Where is God in this? I do not presume to know the mind of God – in fact, I am pretty sure that even using the word “mind” for God puts limits on the Holy One that do not apply. God, to me, is the mysterium tremendum, to use Rudolf Otto’s words.
Still, I pray for sick people and since September, I and a lot of other people have been praying for my brother. (For his story, click the link.) I put a pretty cheerful spin on it in that previous post. The truth was that he was gravely injured, and most people with the injuries he had do not wake up; they die. Yet after 5 weeks in a coma, my brother woke up and told his wife that he loves her. A week later I sat in his hospital room, and we were able to communicate. Reports continue to be excellent – he’s recovering his speech and control of his body, and even the super-cautious like myself are calling it a miracle.
Did prayer do it? I don’t know. Did God do it? Absolutely, through the hands of wise doctors and skillful nurses and the life force inside Albert himself. Whether God was whispering to him, “You’re going to make it,” I don’t know. I just know that he is better, and I am grateful.
And yet there is another family somewhere saying, “We prayed! We prayed HARD!” but their loved one still died, or remained in the coma. Prayers are not magic.
I don’t know why some people live and some people die. I refuse to believe in a capricious God.
Last night I got another lesson on the power of prayer. I went to Shabbat services, which I haven’t been doing often because all the travel in the last month has left me with big pain problems. I prayed at home, which is good, but it isn’t the same as praying with a minyan. Last night I went to services, and I surrendered to the rhythm of the service: ancient prayers, ancient songs, some of them to tunes written recently by people I know, some composed hundreds of years ago. I heard wise words from my rabbis. I heard encouraging words from our temple president, Sam. I watched as new temple board members were blessed in, one of them a student of mine. (Oh, delight!) And then we prayed some more.
I have been on overdrive since Rosh Hashanah. I was wound so tight, worrying about my brother, worrying about his wife and kids, shepherding people in my care, listening to people talk out their frustrations and fears, trying to give reassurance and strength. I accompanied a family through a complicated funeral. I sat on a beit din (rabbinical court) and affirmed a new Jew.
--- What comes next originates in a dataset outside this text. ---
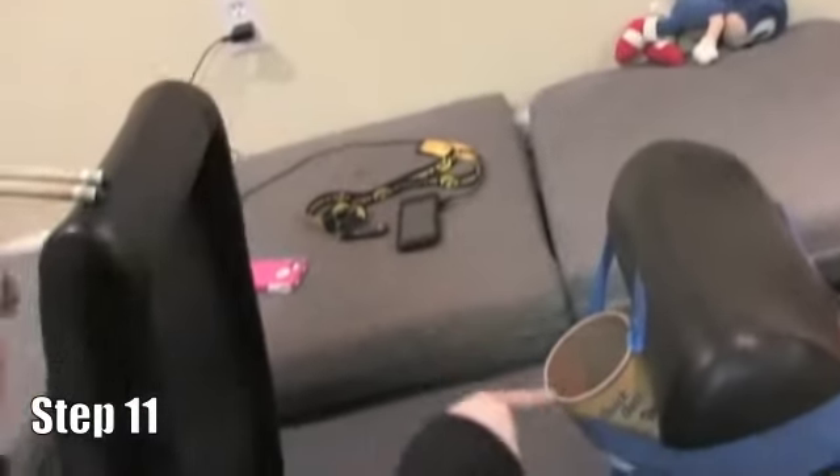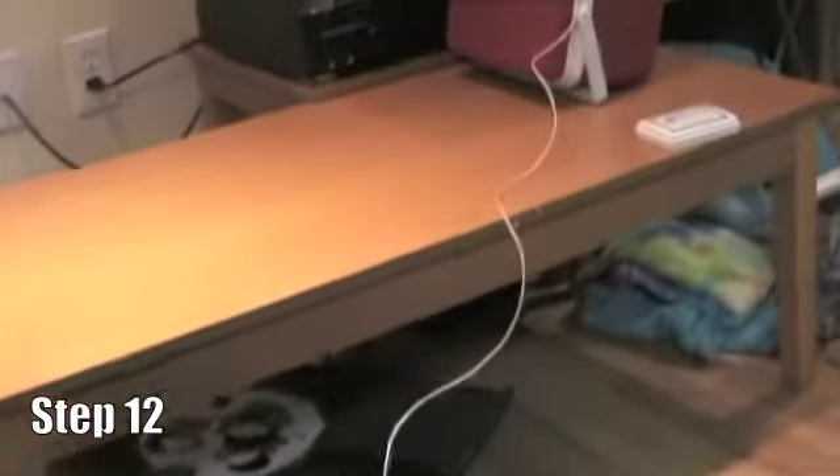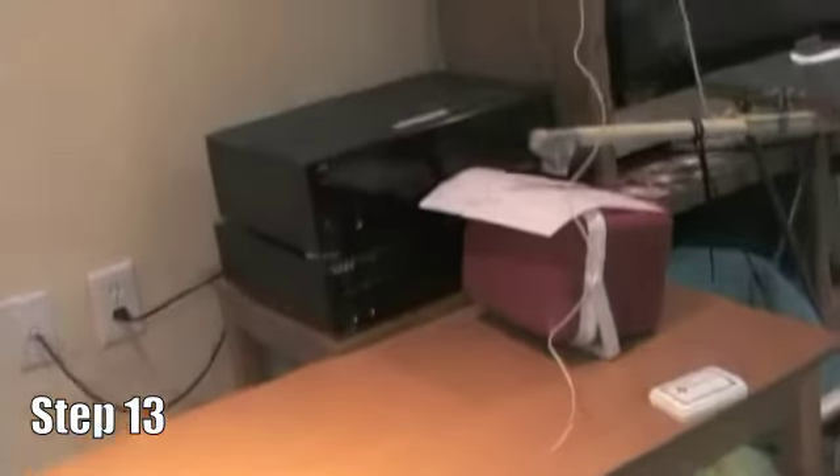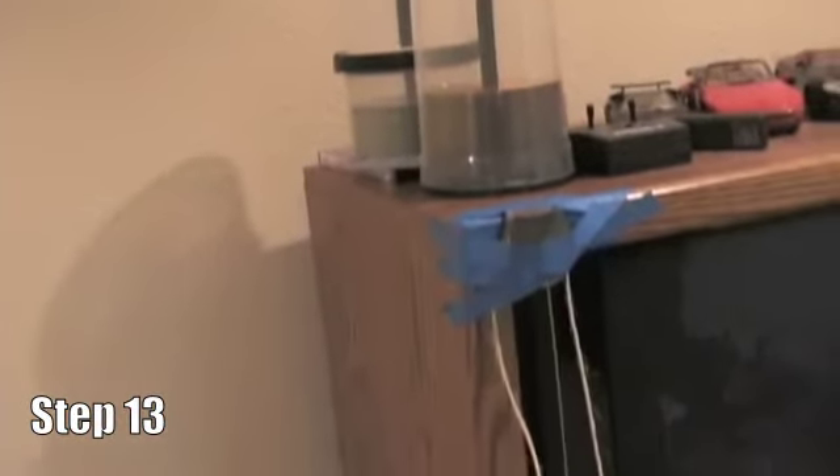Gravity brings the ball down the ramp and into this cup. Step twelve: the weights from the cup pull the chair back up. Step thirteen: the string pulls on the pulley system, pulling the stamp back up.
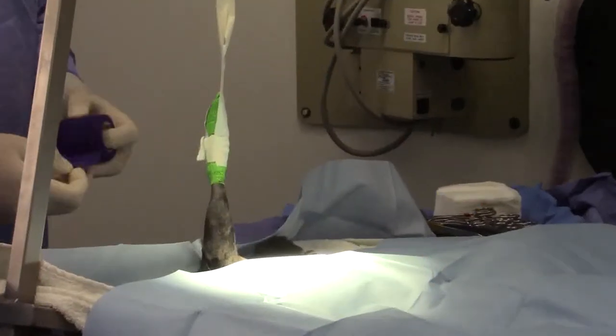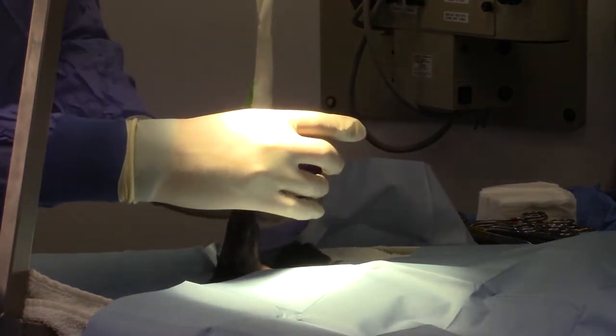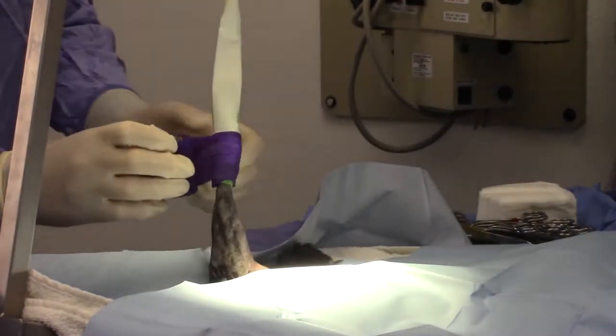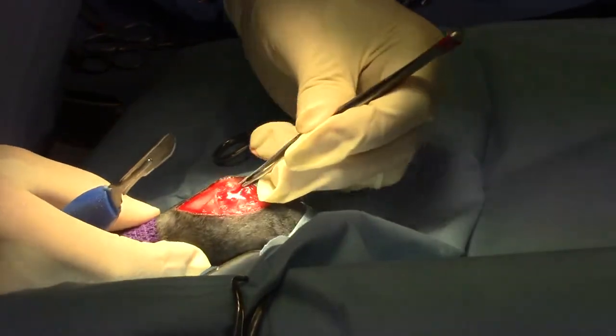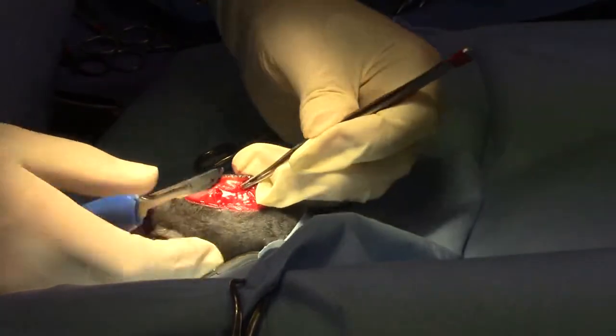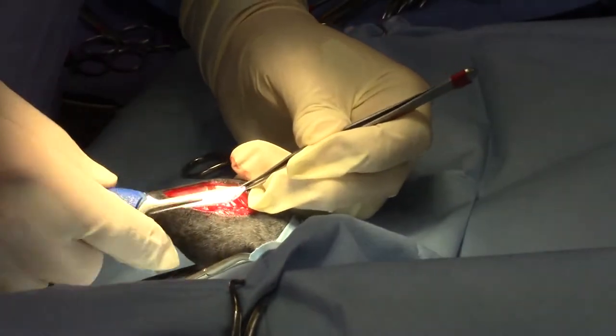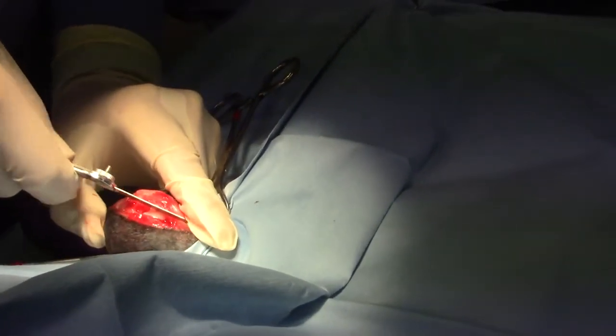The surgical procedures we use to correct this are extremely successful. It is three separate procedures all done on the same leg at the same time. I start by making a lateral incision approach to the stifle joint, and then harvesting a triangular-shaped piece of the fascia lata that we're going to use toward the end of the procedure to imbricate the joint.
But last night, through the power of prayer, my heart opened up and I cried. I leaked tears throughout the service, beginning at the “Mi Chamocha,” (“Who is like You?”) the song the Israelites sang after they’d crossed the Red Sea and finally gotten away from Pharaoh. Prayer in the midst of my community gave me what I needed, and challenged me to be more.
Prayer at its best brings us closer to the best person we can be. It builds our compassion for the suffering, and it reminds us who we really are.
Some miracles are amazing, and some are quiet. I am grateful for both.